Auch die Synagoge, die an die vertriebenen bzw. ermordeten Bürger jüdischer Abstammung erinnert, wurde beschädigt. Sie gehört zu den wenigen erhaltenen historischen Bauten im heutigen Coesfeld.
Vor diesem fatalen Hintergrund begegnet uns hier ein Wagen mit der ab 1939 im sogenannten Deutschen Reich vorgeschriebenen Tarnbeleuchtung:
Die Ansprache des Herstellers dieser Limousine aus den späten 1920er Jahren ist keine Kunst – hier haben wir zweifellos einen Citroen vor uns.
Die französische Marke hatte 1927 eine Produktionslinie in Köln aufgebaut, um vom Potenzial des deutschen Markts zu profitieren, der von den produktionstechnisch meist rückständigen lokalen Herstellern nicht ausreichend mit Autos versorgt werden konnte.
Das hier zu sehende Modell wurde allerdings seinerzeit nicht in so großen Stückzahlen gebaut, dass man von mehr als einer Randerscheinung sprechen kann.
Das Fehlen einer Stoßstange und die unten spitz zulaufende Windschutzscheibe sind Indizien dafür, dass wir es mit dem Modell B14 zu tun haben.

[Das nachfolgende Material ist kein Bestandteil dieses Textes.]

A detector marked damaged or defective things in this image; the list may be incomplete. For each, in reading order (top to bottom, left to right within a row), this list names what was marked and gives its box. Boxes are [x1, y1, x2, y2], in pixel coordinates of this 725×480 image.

Davon wurden zwischen 1926 und 1928 insgesamt fast 140.000 Exemplare gebaut.
Die Kölner Produktion wird in der Literatur auf knapp 9.000 Wagen beziffert. Damit musste dieser Citroen wie auch die Nachfolger C4 und C6 eine Randerscheinung in deutschen Landen bleiben.
Dass wir einem solchen Auto im 2. Weltkrieg irgendwo in Westfalen begegnen, ist daher einerseits ein bemerkenswerter Zufall. Andererseits wundert es nicht, da die meisten privaten PKW jüngeren Baudatums für militärische Zwecke eingezogen wurden.

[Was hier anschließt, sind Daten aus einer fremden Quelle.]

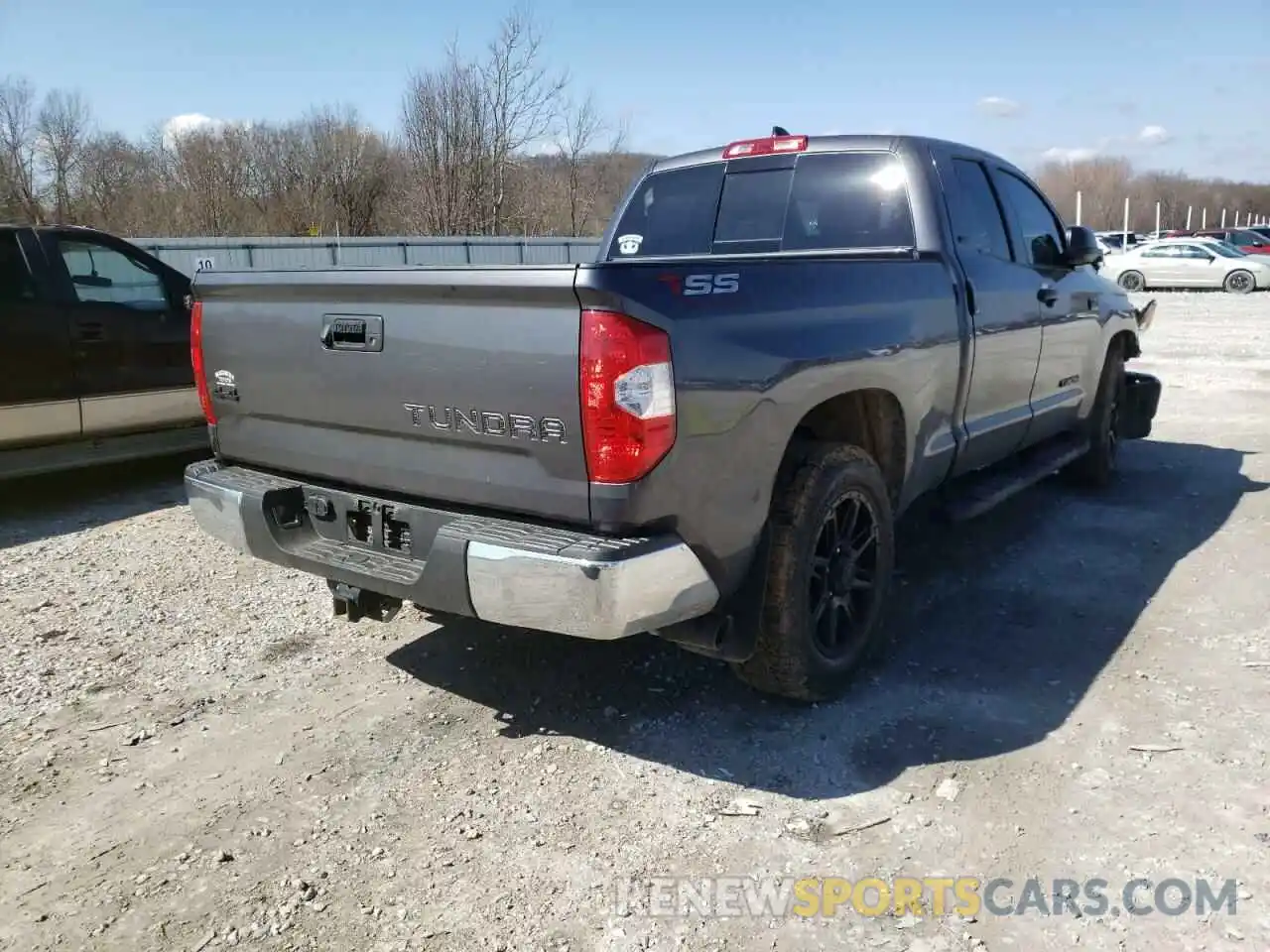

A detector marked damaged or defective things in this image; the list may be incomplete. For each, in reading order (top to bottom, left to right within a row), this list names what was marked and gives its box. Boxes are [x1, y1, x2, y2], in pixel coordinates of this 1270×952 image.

So war dieser Citroen vielleicht doch mehr als eine Randerscheinung. Wagen wie dieser gehörten zu den wenigen, die im 2. Weltkrieg einigen privilegierten „Volksgenossen“ an der „Heimatfront“ ein Minimum an Individualmobilität jenseits des Fahrrads ermöglichten…
Michael Schlenger, 2025. All entries in this blog (including embedded photos) are copyrighted by the author, unless otherwise indicated. Excerpts and links may be used, provided that credit is given to Michael Schlenger and https://vorkriegs-klassiker-rundschau.blog with appropriate and specific direction to the original content.

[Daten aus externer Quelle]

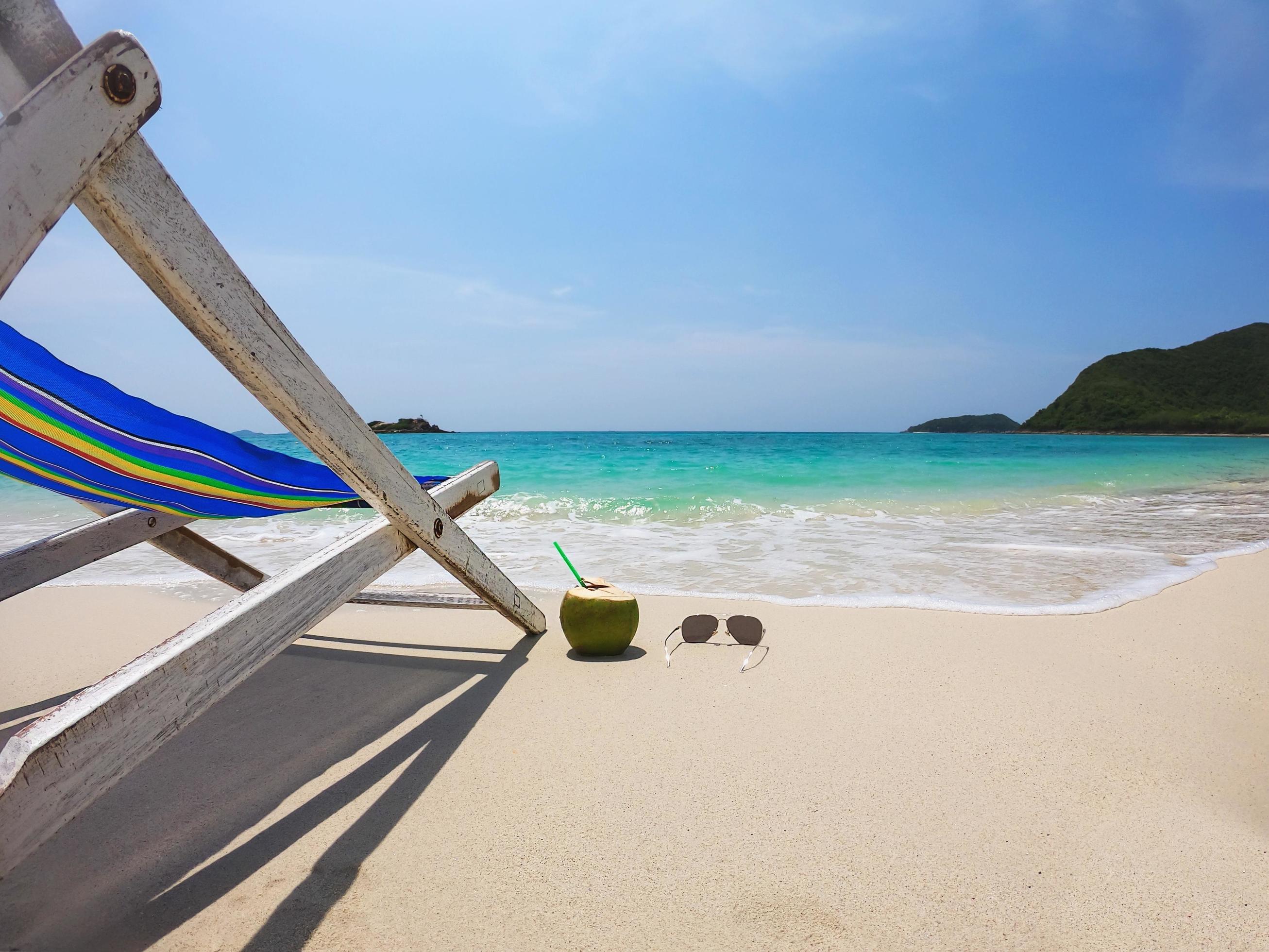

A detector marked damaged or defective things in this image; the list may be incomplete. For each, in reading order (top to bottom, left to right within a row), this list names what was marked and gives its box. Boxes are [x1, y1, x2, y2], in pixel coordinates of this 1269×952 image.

rusty bolt [102, 64, 136, 105]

Das ist Darfelder Markt in Rosendahl.
Hab’s mir auch auf dem Originalfoto angesehen – die Auflösung reicht leider nicht aus, um Genaueres zu sagen.
Hallo,
das Foto ist leider nicht ganz scharf genug, um im Hintergrund das Straßenschild entziffern zu können, aber gerade scharf genug, um den Schaukasten an der Außenwand als den einer NSDAP-Ortsgruppe zu identifizieren. Der Name des Ortes auf dem Kasten läßt sich nicht entziffern.